Disponível no Amazon Prime Video.
Alvo Triplo
Adrien Brody, John Malkovich e Rory Culkin fazem três assaltantes que, durante uma fuga, escondidos num galpão abandonado, precisam sobreviver a um pitbull de rinhas. O filme perde força quando insiste no estudo de personagens (depois do terceiro ou quarto solilóquio as metáforas com o mundo canino já começam a se repetir), mas a variedade de situações de ação numa única locação é bastante criativa. O diretor Paul Solet dedica o filme à sua falecida cadela Molly, e nos créditos finais também aparece a mensagem de que parte da renda do filme seria revertida para o combate às rinhas.
Disponível na Netflix.
Diamantino
Cachorros inimigos podem ser também produto de mentes iluminadas. Mais precisamente, "cachorros felpudos" (ler com sotaque açoriano), que o craque da bola Diamantino imagina sempre no lugar dos rivais quando está encantando o planeta com seus dribles. A comédia portuguesa obviamente parodia a imagem de Cristiano Ronaldo, embora não o cite nominalmente, para falar da alienação europeia com as urgentes questões imigratórias dos refugiados no continente. O ator Carloto Cotta faz um sósia perfeito de Ronaldo, com sua cara de quem vive alegremente numa realidade paralela, feita das regras que o próprio Diamantino define.
Disponível no Telecine.
Deus Branco
O filme do húngaro Kornél Mundruczó remete ao de Fuller no seu título - e a premissa também é aproximada, pois também trata de animais condicionados ao ódio contra as pessoas - mas é muito mais gráfico nas cenas violentas. A experiência de assisti-lo pode ser bem desagradável, independente da sensibilidade do espectador, e Mundruczó usa esse acúmulo de ofensas para construir um crescendo que resulta num clímax de impacto. Todo o lance de Deus Branco é existir em função desse clímax, em que os cães se rebelam contra todo tipo de abandono e agressão. No Festival de Cannes, anualmente, é dado um troféu para os melhores cachorros do cinema, e em 2014 o prêmio merecidamente foi para o elenco canino supertreinado deste filme.
Disponível no Globoplay.
Cujo
De Conta Comigo a Cemitério Maldito, os filmes inspirados na obra de Stephen King frequentemente recorrem a animais como símbolos de incerteza e perigo, e a peça central nessa colcha animal - inclusive pelo seu tamanho mais que avantajado - é o são bernardo que protagoniza Cujo. O diretor Lewis Teague não tem pudor na hora de filmar o terror, e as cenas em que Cujo cerca o veículo de mãe e filho estão entre os momentos mais apavorantes da vasta galeria de pesadelos escritos por King e impressos em película. O que mais enerva em Cujo, porém, é a forma como se discute família nuclear e adultério, e como diminui-se a autonomia feminina nas dinâmicas de casal. King voltaria a situações parecidas depois em outro romance, Gerald's Game (que depois virou o ótimo filme Jogo Perigoso, disponível na Netflix), o que meio que "corrige" Cujo de um ponto de vista feminista.
Disponível na Netflix.
Um Lobisomem Americano em Londres
Um dos melhores filmes de lobisomem da história é também uma grande declaração de amor ao cinema de gênero em geral e ao horror em particular - não só pelas piadas de metalinguagem com os filmes de monstros dos anos 1930 mas também por abraçar o cinema como epicentro cultural de mudanças de comportamento ao longo do século 20. O supervisor de efeitos Rick Baker ficou famoso pela maquiagem da transformação do lobisomem, vencedora do Oscar, que oferece uma tradução visual arrebatadora da experiência que é chegar à puberdade e - cercado de sexo na TV e no cinema - ceder aos instintos mais animalescos do desejo.
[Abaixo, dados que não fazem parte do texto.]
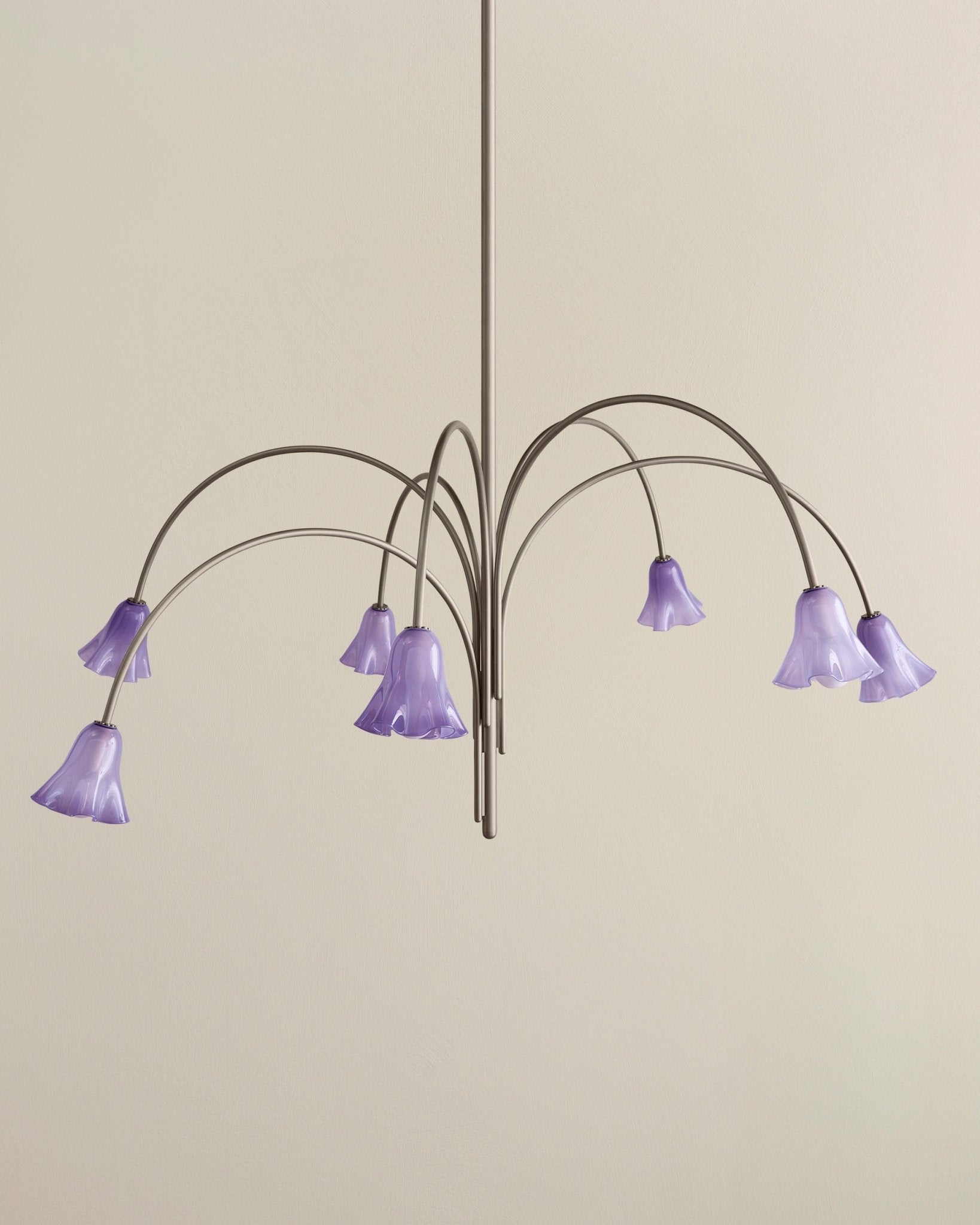 Aurora Chandelier Blossom Petal Glass Arms - Blowlighting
Disponível no Amazon Prime Video.
Dogman
Desde que realizou Gomorra, o diretor italiano Matteo Garrone ganha mais moral do Festival de Cannes do que de fato merece. Não é diferente com Dogman, mais uma história de crime e paúra em Nápoles, mas desta vez o mundo cão é quase literal: o protagonista, dono de um pet shop, se vê refém de uma relação abusiva com o brutamontes do bairro, praticamente seu "dono". Garrone pesa a mão como sempre, mas o microuniverso do conjunto habitacional tem seu interesse, pelo menos plástico, quase de fábula. É um filme, ademais, que poupa os cachorros da miséria (com exceção de uma cena engraçada envolvendo um congelador) e serve bem para fechar esta lista: quando os homens sentem na pele também os abusos pelos quais passam os animais.
Disponível na Netflix.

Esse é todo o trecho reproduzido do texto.